▶ _EXERCISE OBJECTIVE_: From the entries below, transcribe exactly the lines between the line holding "Chemise manches courtes" and the line holding "S.Oliver Kurzarmhemd Mit", inclusive; skip all other lines.

▶ _AVAILABLE DATA_:
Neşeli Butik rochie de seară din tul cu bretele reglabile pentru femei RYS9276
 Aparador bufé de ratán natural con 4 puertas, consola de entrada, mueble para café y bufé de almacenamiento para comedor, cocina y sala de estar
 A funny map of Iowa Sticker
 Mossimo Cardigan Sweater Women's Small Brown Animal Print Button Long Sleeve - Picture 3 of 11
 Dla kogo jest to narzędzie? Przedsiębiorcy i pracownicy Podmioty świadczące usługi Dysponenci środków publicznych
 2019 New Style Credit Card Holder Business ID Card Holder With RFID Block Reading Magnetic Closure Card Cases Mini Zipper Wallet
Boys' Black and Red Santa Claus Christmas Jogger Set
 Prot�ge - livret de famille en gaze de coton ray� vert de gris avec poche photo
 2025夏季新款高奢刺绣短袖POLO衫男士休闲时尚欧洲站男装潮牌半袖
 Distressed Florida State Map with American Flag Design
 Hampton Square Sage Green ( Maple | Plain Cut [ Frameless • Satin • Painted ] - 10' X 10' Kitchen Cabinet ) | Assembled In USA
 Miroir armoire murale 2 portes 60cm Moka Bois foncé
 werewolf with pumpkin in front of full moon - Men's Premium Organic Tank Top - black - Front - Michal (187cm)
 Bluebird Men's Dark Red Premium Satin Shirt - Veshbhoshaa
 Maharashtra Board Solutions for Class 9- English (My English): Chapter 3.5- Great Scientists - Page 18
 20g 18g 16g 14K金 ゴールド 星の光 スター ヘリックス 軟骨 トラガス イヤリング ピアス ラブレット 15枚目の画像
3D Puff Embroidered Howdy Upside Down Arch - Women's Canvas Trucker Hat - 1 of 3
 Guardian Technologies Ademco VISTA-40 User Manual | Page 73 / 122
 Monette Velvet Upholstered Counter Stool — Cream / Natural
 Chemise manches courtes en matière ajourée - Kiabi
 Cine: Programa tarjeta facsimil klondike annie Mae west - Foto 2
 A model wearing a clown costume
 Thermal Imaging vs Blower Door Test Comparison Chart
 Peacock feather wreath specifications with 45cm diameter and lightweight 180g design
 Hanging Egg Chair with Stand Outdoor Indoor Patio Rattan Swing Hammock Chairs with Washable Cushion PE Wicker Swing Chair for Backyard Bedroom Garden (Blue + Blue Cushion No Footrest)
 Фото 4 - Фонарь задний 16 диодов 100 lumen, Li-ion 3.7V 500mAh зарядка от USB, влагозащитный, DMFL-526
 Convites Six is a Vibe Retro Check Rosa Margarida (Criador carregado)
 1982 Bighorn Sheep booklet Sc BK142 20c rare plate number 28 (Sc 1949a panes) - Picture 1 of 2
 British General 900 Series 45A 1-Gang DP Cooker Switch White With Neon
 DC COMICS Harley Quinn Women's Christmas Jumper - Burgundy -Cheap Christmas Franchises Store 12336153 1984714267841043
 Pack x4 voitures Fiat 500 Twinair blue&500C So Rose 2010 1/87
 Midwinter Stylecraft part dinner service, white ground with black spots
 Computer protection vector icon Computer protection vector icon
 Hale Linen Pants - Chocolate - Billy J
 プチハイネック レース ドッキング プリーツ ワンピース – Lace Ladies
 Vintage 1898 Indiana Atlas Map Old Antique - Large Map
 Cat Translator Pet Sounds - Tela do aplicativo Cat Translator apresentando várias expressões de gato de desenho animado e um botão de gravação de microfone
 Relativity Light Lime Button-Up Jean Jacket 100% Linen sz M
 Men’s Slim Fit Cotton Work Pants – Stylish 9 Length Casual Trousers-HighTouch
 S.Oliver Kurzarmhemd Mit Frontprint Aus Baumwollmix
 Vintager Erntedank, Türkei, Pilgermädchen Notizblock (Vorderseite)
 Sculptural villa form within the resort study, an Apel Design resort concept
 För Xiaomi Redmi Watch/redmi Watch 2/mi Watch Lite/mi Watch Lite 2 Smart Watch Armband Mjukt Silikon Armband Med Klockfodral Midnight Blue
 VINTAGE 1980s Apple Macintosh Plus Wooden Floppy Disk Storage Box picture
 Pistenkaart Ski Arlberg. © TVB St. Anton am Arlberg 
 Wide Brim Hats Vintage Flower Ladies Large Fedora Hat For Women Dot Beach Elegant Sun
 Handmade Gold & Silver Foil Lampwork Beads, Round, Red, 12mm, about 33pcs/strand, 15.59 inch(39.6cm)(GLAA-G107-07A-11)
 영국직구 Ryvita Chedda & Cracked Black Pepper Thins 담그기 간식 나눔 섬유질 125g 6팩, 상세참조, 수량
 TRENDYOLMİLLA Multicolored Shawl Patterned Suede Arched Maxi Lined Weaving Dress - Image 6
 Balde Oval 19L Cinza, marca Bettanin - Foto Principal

▶ _FINISHED EXERCISE_:
 Chemise manches courtes en matière ajourée - Kiabi
 Cine: Programa tarjeta facsimil klondike annie Mae west - Foto 2
 A model wearing a clown costume
 Thermal Imaging vs Blower Door Test Comparison Chart
 Peacock feather wreath specifications with 45cm diameter and lightweight 180g design
 Hanging Egg Chair with Stand Outdoor Indoor Patio Rattan Swing Hammock Chairs with Washable Cushion PE Wicker Swing Chair for Backyard Bedroom Garden (Blue + Blue Cushion No Footrest)
 Фото 4 - Фонарь задний 16 диодов 100 lumen, Li-ion 3.7V 500mAh зарядка от USB, влагозащитный, DMFL-526
 Convites Six is a Vibe Retro Check Rosa Margarida (Criador carregado)
 1982 Bighorn Sheep booklet Sc BK142 20c rare plate number 28 (Sc 1949a panes) - Picture 1 of 2
 British General 900 Series 45A 1-Gang DP Cooker Switch White With Neon
 DC COMICS Harley Quinn Women's Christmas Jumper - Burgundy -Cheap Christmas Franchises Store 12336153 1984714267841043
 Pack x4 voitures Fiat 500 Twinair blue&500C So Rose 2010 1/87
 Midwinter Stylecraft part dinner service, white ground with black spots
 Computer protection vector icon Computer protection vector icon
 Hale Linen Pants - Chocolate - Billy J
 プチハイネック レース ドッキング プリーツ ワンピース – Lace Ladies
 Vintage 1898 Indiana Atlas Map Old Antique - Large Map
 Cat Translator Pet Sounds - Tela do aplicativo Cat Translator apresentando várias expressões de gato de desenho animado e um botão de gravação de microfone
 Relativity Light Lime Button-Up Jean Jacket 100% Linen sz M
 Men’s Slim Fit Cotton Work Pants – Stylish 9 Length Casual Trousers-HighTouch
 S.Oliver Kurzarmhemd Mit Frontprint Aus Baumwollmix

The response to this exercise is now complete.